◆ Extracted information
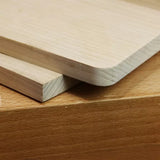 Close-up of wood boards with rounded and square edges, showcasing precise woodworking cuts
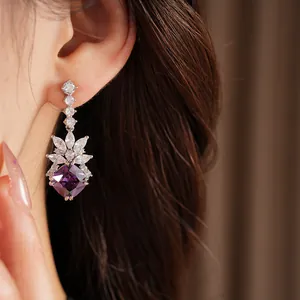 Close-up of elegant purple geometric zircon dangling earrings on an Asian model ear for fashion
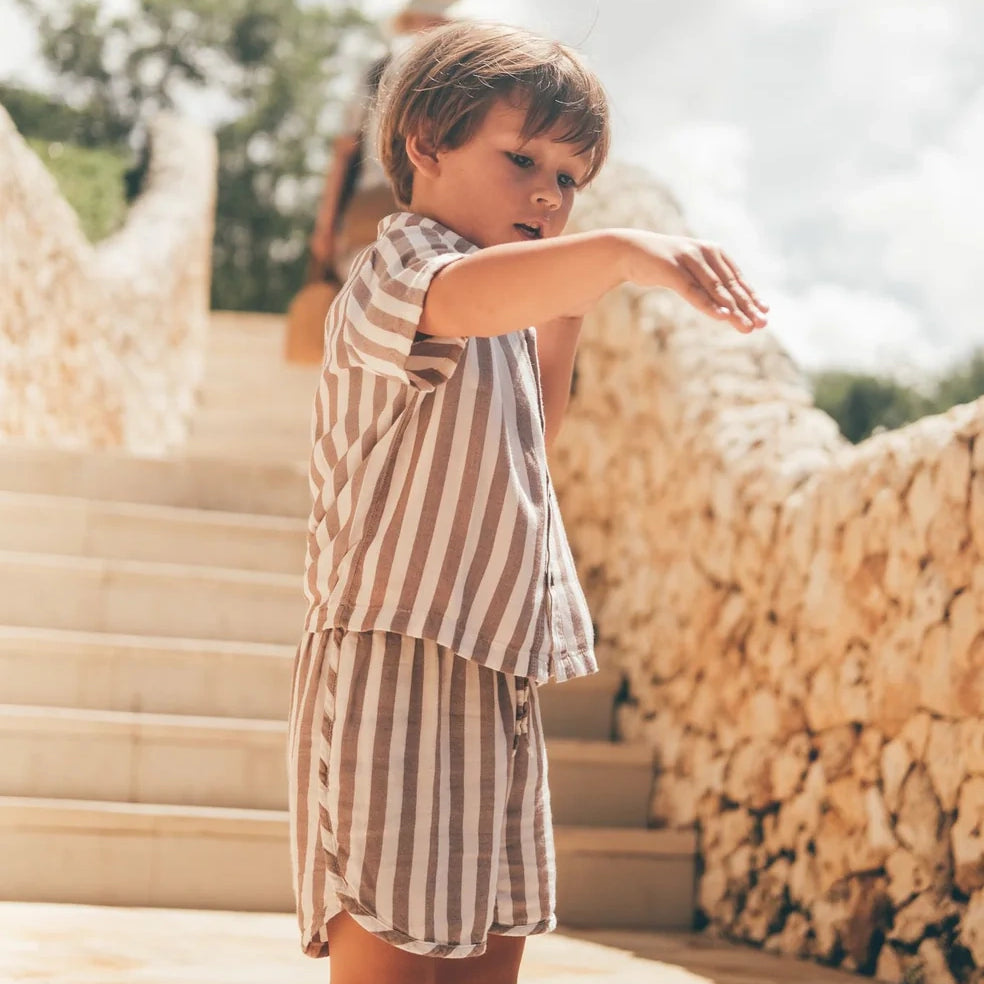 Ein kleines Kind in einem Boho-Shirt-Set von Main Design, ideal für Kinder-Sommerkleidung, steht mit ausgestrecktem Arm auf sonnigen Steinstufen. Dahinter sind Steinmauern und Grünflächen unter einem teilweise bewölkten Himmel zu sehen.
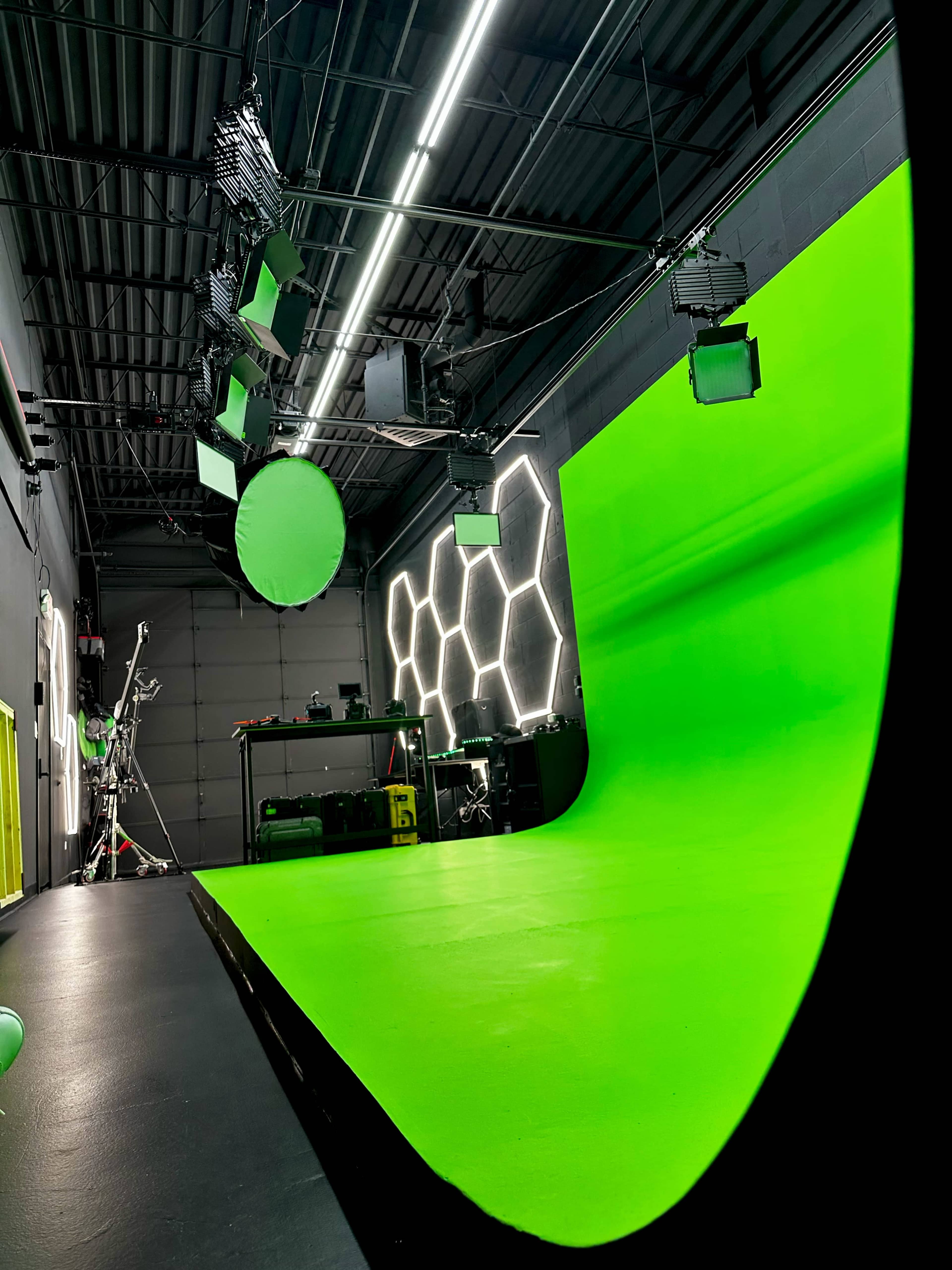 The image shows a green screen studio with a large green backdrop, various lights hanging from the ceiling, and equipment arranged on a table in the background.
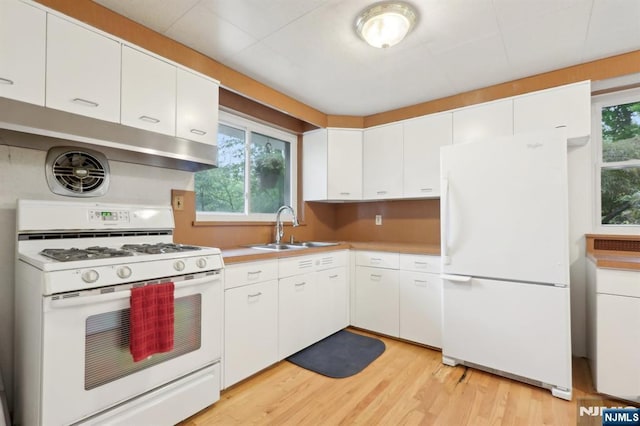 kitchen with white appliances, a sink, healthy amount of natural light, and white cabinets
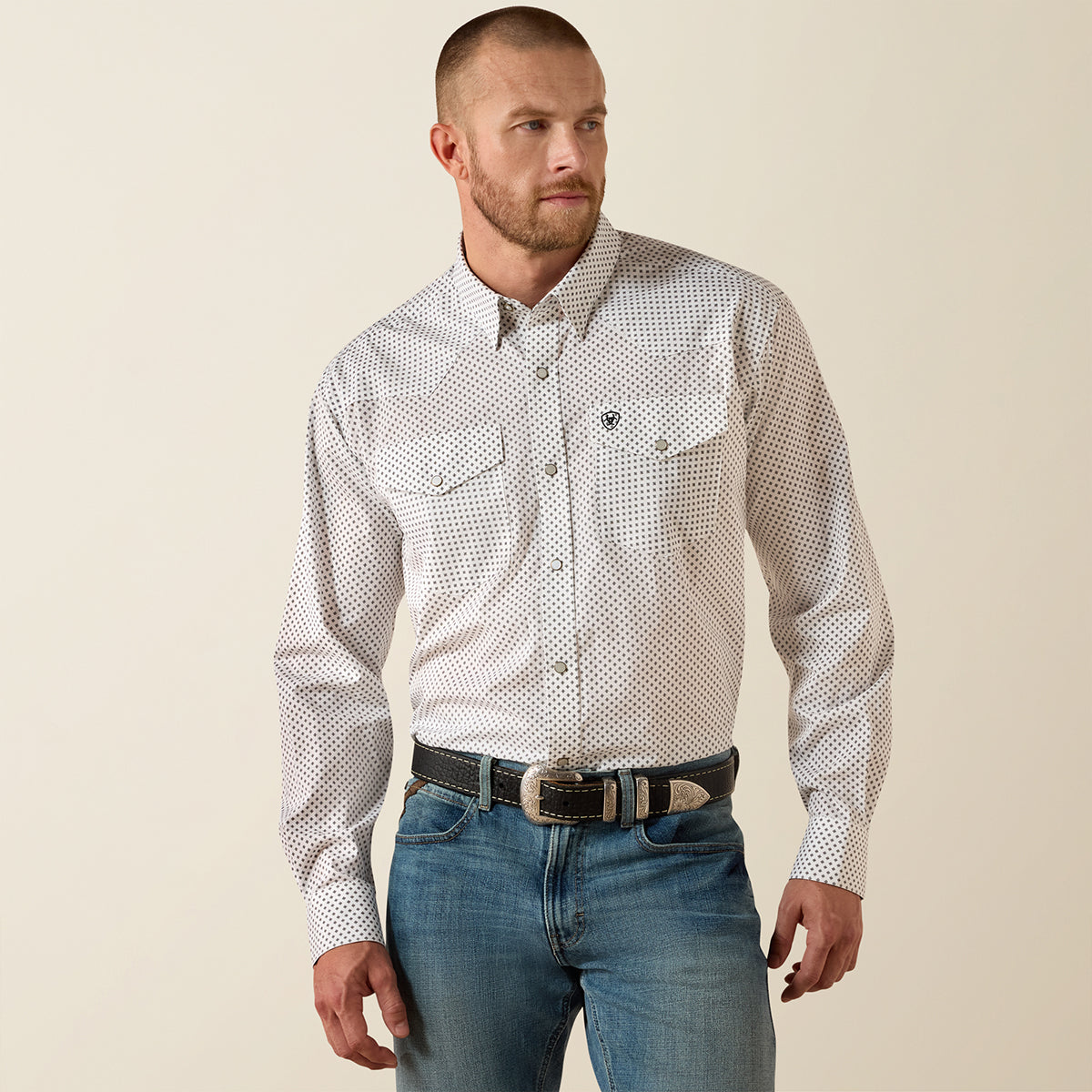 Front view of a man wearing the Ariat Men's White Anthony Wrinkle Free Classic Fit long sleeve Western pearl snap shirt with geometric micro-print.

◆ Task to complete
For this exercise, reproduce the data above exactly from the line containing "The image shows" through its final line, both ends included, with no pictures in the copy.

◆ Result
 The image shows a green screen studio with a large green backdrop, various lights hanging from the ceiling, and equipment arranged on a table in the background.
 kitchen with white appliances, a sink, healthy amount of natural light, and white cabinets
 Front view of a man wearing the Ariat Men's White Anthony Wrinkle Free Classic Fit long sleeve Western pearl snap shirt with geometric micro-print.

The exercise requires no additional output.